Bar graph showing Number of Helpdesk tickets plotted against Year from 2012 to 2023. The number of tickets generally ranged between 250 and 350 each year, with peaks of almost 400 in 2020 and 2021. There was a slight decline in recent years, with the number of tickets falling to around 200 by 2022 and 2023.


Figure 6: Number of Helpdesk tickets per year since 2012. Every year hundreds of questions are answered by CIAO experts, most within one day. Questions and answers contribute to the improvement of the software and the documentation.

CIAO’s journey has been characterized by a continuous exchange between its designers and the users. HelpDesk queries, user contributions, feedback from workshops, and the adoption of new technologies have all played crucial roles in shaping and reshaping the software. This need-driven evolution has allowed CIAO to remain an up-to-date software system for the wide multiwavelength astronomical community, capable of meeting the evolving demands of scientific research.

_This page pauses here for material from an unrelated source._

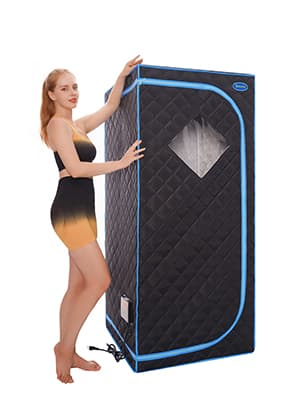 Portable Sauna Tent, One Person Infrared Sauna Home Sauna, Full Size Sauna with Remote Heating Foot Pad, Upgraded Chair, Black(29.1" x 29.1" x 66.5")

Celebrating Achievements and Looking Ahead

As we celebrate 25 years of CIAO, we know that its legacy will endure well past Chandra, having set a high standard for astronomical data analysis tools and documentation. It is important to recognize that CIAO is the product of a collective effort of a large community of users—software developers, scientists, students—who all have contributed to CIAO’s success in different ways. The software has become an indispensable tool for X-ray astronomers and beyond, facilitating groundbreaking discoveries and, in keeping with one of the grand challenges of the Smithsonian Institution, “unlocking the mysteries of the universe.” CIAO is truly at the service of science!

Acknowledgments

CIAO has been a collaborative effort involving numerous Chandra X-ray Center (CXC) members—too many to list here—over the past 25 years, including members from the CXC Science Data Systems group at the Smithsonian Astrophysical Observatory (SAO) and Massachusetts Institute of Technology (MIT) and from the CXC Data Systems group at SAO. CIAO 4.16 builds on the many contributions and the many achievements along the way.

This work is funded by NASA Contract NAS8-03060, Chandra X-ray Center.